A Citizen’s Guide to the Subversion of Democracy

EU Law Has Been Designed to Undermine National Sovereignty From the Get-Go
"European Union Stars" by notarim is licensed under CC BY 2.0.
"European Union Stars" by notarim is licensed under CC BY 2.0.

Lots of (virtual) ink has been spilled trying to describe the “true” nature of the European Union. In what follows, I shall present you with an overarching argument that form follows function. Accordingly, it is, I shall argue, irrelevant if the EU is a “super-state”, a “federal union”, or a “confederacy”; the one thing that matters here is the question: how does “Brussels” influence and change politics, policies, and constitutions in the bloc’s member-states?

A decade ago, pro-EU arguments came with a warm sense of Europeans having—finally, after two world wars—learned the proverbial lessons of history. Take, for instance, The Economist pointing to the Holy Roman Empire, or former British diplomat Robert Cooper alluding to the positive experiences of Austria-Hungary in Eurozine.

More recently, however, these sentiments have seemingly fallen out of fashion within leading Anglo-American and transatlantic circles, if Matthew Karnitschnig’s singularly misleading article in Politico is any guide.

Writing in summer 2023, and without consideration of recent historical research (which takes an increasingly positive view of the late Habsburg Empire), Karnitschnig single-handedly declared roughly half a century of scholarship irrelevant and all positive views on the late Austro-Hungarian empire wrong. The lessons of history from a decade ago were apparently wrong, which therefore begs the question: what is the nature of the European Union?

However, what unites these seemingly disparate elements and meandering lines of thought is not that they invariably invoke whatever historical precedent will enable scoring some cheap political points. In fact, these articles are full of nostalgic allusions that evoke the golden era of homeland movies (Heimatfilme) like Sissi, the 1950s hit in which actress Romy Schneider iconically embodied the Austrian Empress Elisabeth.

They also contain many questionable conclusions: “What was unique in the Habsburg zone was that it enabled the small nationalities to survive, keep their culture, some level of autonomy, and even to thrive with it”, as Robert Cooper asserts. These nostalgic portrayals of past kingdoms serve but one aim: to sell the elitist and anti-citizen project of “European integration”. This goal, though, comes with a twist, for the target audience of high-brow outlets like The Economist or Eurozine is not the citizenry-at-large, but the much smaller segment of Eurocrats, party members, and associates in the bloc’s various member-states, their fellow travellers in legacy media, business elites, and academia. While the “average Joe” might balk at the mixed messages employed by “The Experts™”, no criticism is to be expected from those white-collar professionals who benefit the most from the European Union. Moreover, none of these sentiments convey much, if any, explanatory power as to how the EU bloc really works.

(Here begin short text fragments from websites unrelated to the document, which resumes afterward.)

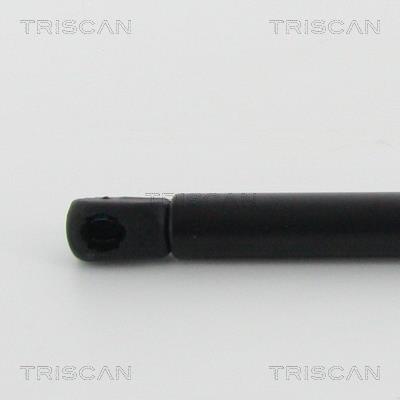 Vérin (Vérin de hayon) Triscan A/S ref. 8710 24108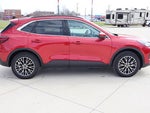 2025 Escape Plug-In Hybrid Thumbnail 5
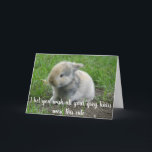 Gray Hair Hare Funny Age Bunny Birthday Kaart<br><div class="desc">Dit ontwerp is gemaakt met behulp van digitale kunst. Het kan in het gebied worden aangepast door de klik aan te passen en de naam, initialen of woorden aan te passen. U kunt de tekstkleur en de stijl ook veranderen of de tekst voor een slechts ontwerp van het afbeelding schrappen....</div>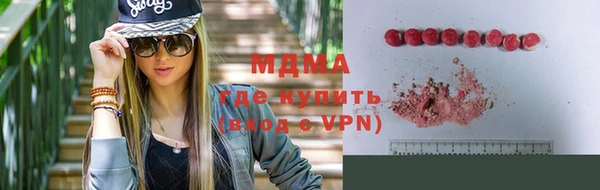 гашик Алексин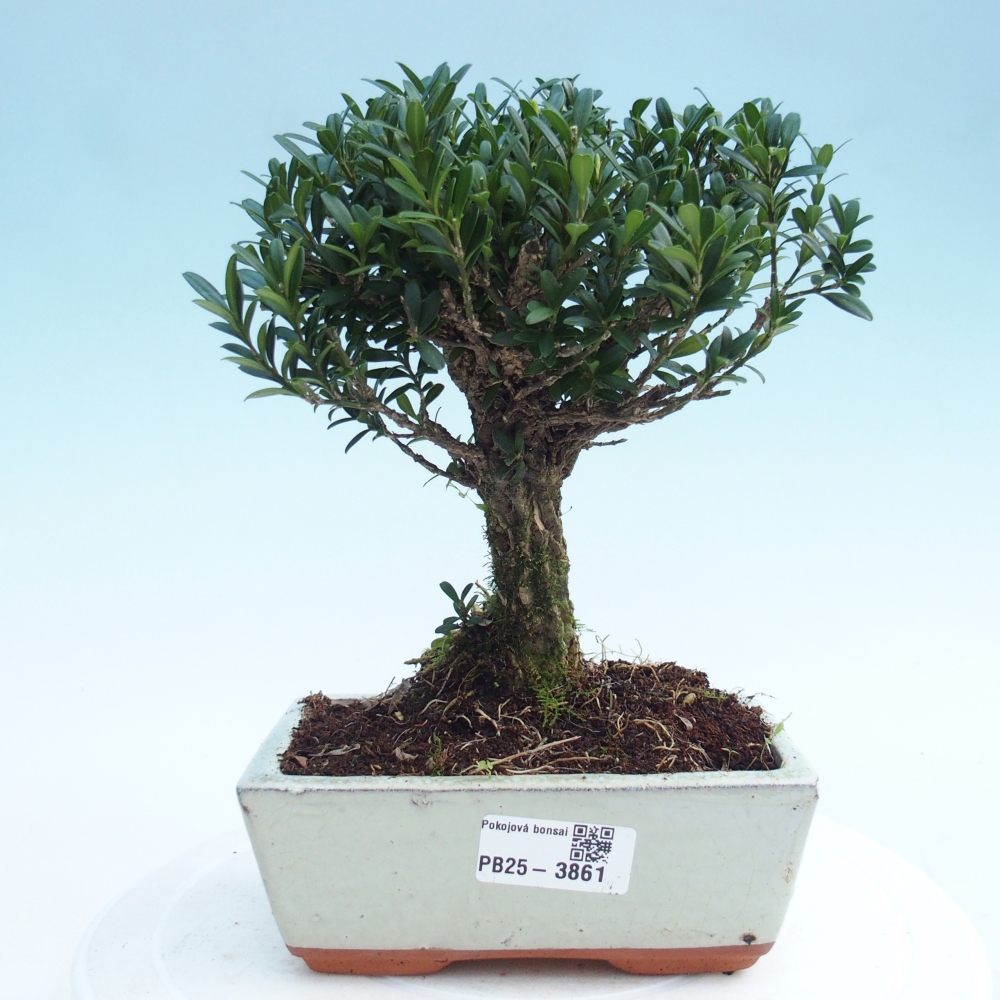 Izbové bonsaje - Buxus harlandii - korkový buxus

“Transposition”, or: What’s in a Word?

To shed light on the ways and means employed by the makers of EU “Law”, we now turn to an insightful article by Bernard Steunenberg and Mark Rhinard, which appeared in European Political Science Review in 2010. In “The Transposition of European Law in EU Member States”, the two authors provide crucial insights into what exactly happens “between process and politics”.

What, then, is “transposition”, you might ask? The term refers to what happens “when the member states of the European Union (EU) agree on a new directive”: “For a directive to become ‘law in action’, member states must transpose it into national law before national or subnational administrations and agencies can apply the new rule… Without proper transposition, a directive will not be fully integrated into the national legal order, and the acquis communautaire risks becoming fragmented and unevenly applied”.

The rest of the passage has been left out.